Scrivo questo post per mettere una sorta di pietra miliare al mio golf. In questo stesso giorno di quindici anni fa prendevo in mano per la prima volta in vita mia un bastone da golf per la prima lezione. Oggi cerco di volgere lo sguardo al passato per capire un pochino che cosa hanno significato questi 5.479 giorni, e nel contempo di proiettarmi con lo sguardo al futuro.

Il golf mi ha cambiato tanto. Mi ha dato, com’è ovvio, divertimento e amici; è stato soprattutto una sfida con me stesso, io novello Don Chisciotte che non si vuole arrendere nemmeno davanti all’evidenza più lampante; è stato, ed è, e immagino diventerà sempre di più in futuro, un lavoro, sia pure di una categoria sublime, immaginifica e creativa.

Ero un giovane uomo allora, ora sono un uomo di mezza età con i capelli grigi (“Ma nel cuore / nessuna croce manca”, direbbe Ungaretti; e anche se questo non è in linea col discorso è comunque un punto fondamentale).

Ho cercato la foto più antica che io abbia mai scattato relativa al golf. Era domenica 19 giugno 2005, l’unica volta in cui io ho giocato negli Stati Uniti, grazie al mio amico Don (sul quale si aprirebbero finestre e storie infinite, che in gran parte non saranno mai raccontate). Ricordo che il mio handicap era intorno al 30 allora, e il golf era un bel passatempo.

Poi è diventato un affare serio, anche se io da subito mi nascondevo alla vista di terzi per non fare vedere il mio gioco orribile (il primo anno andavo spessissimo ai Ciliegi alle 7:30 di mattina, ero un vero, ancorché inconsapevole, dewsweeper).
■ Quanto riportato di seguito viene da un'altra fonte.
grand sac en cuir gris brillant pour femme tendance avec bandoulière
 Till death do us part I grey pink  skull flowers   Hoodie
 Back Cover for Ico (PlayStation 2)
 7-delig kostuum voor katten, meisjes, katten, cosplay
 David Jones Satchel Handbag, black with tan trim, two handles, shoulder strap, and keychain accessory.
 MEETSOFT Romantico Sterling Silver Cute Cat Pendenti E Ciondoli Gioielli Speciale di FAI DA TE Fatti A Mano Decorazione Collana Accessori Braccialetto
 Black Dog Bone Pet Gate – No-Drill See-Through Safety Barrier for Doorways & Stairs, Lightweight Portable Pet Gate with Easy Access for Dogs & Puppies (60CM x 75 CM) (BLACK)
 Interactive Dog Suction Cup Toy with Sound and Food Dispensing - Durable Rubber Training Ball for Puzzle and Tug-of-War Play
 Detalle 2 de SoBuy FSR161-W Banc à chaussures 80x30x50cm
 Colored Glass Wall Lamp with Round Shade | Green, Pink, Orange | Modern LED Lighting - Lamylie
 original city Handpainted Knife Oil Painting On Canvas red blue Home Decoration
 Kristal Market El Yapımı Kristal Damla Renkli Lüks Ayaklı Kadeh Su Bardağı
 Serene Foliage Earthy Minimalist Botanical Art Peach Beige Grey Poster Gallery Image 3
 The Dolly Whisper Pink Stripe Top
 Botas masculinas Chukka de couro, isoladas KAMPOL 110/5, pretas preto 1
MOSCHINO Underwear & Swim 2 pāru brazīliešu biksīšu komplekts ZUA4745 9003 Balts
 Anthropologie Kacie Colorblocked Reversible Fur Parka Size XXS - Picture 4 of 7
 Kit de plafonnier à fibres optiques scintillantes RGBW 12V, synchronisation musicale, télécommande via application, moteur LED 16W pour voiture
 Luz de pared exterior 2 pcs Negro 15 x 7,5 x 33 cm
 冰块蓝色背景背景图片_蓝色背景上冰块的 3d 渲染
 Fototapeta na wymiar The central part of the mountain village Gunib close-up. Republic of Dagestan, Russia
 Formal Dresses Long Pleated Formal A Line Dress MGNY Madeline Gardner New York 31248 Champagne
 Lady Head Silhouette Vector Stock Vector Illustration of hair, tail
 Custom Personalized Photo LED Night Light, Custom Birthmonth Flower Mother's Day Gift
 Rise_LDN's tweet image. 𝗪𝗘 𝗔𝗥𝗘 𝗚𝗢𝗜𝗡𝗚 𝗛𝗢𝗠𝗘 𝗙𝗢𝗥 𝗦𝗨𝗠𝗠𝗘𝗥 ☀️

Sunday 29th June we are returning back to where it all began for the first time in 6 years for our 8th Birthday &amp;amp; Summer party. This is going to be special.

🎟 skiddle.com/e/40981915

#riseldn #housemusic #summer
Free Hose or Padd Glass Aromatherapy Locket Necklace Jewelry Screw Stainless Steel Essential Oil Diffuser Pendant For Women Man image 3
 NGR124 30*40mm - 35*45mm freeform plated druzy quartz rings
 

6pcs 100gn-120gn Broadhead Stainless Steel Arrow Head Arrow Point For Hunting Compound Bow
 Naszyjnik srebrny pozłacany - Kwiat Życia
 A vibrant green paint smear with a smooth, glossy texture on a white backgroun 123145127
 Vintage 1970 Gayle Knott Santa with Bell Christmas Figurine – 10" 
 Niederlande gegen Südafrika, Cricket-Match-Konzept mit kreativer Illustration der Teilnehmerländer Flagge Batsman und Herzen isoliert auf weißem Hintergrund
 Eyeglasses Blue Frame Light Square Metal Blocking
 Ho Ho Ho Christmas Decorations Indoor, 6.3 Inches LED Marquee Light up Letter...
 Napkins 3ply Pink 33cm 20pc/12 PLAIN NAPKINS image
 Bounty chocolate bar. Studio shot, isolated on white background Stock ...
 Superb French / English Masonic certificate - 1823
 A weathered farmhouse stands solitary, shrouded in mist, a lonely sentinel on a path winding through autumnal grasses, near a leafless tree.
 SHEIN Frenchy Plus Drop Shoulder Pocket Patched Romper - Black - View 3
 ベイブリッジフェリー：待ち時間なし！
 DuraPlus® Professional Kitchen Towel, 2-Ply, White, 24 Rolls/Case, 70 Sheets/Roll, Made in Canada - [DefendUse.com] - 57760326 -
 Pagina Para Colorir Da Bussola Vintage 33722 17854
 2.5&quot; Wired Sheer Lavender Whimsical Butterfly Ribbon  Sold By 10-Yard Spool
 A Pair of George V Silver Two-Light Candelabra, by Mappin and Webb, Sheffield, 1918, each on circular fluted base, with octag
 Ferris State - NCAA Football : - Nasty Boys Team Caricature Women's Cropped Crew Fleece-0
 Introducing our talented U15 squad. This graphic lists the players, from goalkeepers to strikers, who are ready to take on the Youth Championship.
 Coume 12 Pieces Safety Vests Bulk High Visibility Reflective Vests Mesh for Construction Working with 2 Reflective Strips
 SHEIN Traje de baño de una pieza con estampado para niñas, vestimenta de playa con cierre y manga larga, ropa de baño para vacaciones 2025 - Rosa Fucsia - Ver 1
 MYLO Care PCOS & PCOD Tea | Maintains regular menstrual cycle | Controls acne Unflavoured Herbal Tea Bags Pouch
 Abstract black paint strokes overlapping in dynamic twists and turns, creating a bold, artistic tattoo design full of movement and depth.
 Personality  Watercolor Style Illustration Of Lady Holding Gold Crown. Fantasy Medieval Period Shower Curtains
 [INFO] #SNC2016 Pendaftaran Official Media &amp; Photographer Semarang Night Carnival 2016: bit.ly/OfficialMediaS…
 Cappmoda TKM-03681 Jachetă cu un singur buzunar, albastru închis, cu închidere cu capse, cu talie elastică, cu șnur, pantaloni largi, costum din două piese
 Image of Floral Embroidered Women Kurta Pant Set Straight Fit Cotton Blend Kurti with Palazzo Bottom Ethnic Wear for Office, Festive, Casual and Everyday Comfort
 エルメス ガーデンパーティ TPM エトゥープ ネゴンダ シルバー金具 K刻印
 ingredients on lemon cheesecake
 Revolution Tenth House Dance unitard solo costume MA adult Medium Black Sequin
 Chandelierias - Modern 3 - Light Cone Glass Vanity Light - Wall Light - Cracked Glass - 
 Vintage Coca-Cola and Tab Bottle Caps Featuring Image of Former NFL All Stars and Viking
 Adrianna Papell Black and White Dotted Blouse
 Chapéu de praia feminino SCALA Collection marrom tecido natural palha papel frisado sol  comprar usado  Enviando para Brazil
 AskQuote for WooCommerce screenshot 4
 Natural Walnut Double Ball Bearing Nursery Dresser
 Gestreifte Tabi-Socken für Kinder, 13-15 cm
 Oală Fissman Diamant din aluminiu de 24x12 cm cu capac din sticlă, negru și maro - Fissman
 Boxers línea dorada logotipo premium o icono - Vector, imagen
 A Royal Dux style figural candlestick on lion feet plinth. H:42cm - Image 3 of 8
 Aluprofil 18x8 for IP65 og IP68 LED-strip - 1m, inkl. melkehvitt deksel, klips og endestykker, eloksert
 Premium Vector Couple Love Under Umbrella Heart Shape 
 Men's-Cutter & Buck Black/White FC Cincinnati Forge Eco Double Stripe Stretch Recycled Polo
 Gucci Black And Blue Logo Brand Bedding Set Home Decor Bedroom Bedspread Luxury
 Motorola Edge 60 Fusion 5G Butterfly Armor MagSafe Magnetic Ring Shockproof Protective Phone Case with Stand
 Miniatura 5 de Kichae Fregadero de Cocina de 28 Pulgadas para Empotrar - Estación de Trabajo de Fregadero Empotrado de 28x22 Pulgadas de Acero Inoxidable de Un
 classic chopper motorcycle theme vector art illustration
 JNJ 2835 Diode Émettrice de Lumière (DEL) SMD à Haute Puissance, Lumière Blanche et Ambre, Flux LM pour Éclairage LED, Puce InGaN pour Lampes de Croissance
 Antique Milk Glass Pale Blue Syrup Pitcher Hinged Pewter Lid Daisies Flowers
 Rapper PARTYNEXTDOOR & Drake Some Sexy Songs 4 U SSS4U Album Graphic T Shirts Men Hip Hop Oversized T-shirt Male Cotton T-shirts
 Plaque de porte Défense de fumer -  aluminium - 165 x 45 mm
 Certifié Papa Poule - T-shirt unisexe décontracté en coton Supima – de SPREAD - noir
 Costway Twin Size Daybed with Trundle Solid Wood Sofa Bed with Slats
Alla seconda gara, era settembre, presi l’handicap, e di quel giorno ricordo solo le due Inesis spedite in acqua sia alla 9 che alla 18.

Poi tutto il resto. Il desiderio di diventare professionista, l’aver giocato per una settimana a fare il pro, le clinic con Andrea e Roberto, le varie collaborazioni con le riviste di golf.

Questo blog, che ha compiuto da poco dieci anni.

Lo studio del golf sopra tutto, l’idea di essere un perenne studente dello swing (e del putt, e del putt). Le 6mila ore passate in campo pratica, il freddo il caldo la solitudine la soddisfazione la gioia. (E quel lato del carattere che mi manca, o quantomeno mi è mancato fino ad ora, ovvero l’essere compagnone e amico dei compagni di gioco, ovvero avere lo sguardo non rivolto dentro di me ma all’esterno. Bere una birra con gli amici per il sapore e il piacere dello scambiare quattro chiacchiere con loro, dimentico di qualunque altra cosa.)

Il golf è stato una moltitudine di sensazioni, per me. Non rimpiango nulla.

E il futuro, ora che sono nel mio cinquantaduesimo anno di età, è un po’ più breve di allora, ma non per questo meno interessante. Mi mancano tre anni e mezzo e 4mila ore di pratica. A cinquantacinque anni vedrò la fine dell’arcobaleno – o almeno questo è il sogno che mi è rimasto nel sangue; e se non lo vedrò pazienza. Don Chisciotte, Ben Hogan e il Piccolo principe: questo è il golf per me.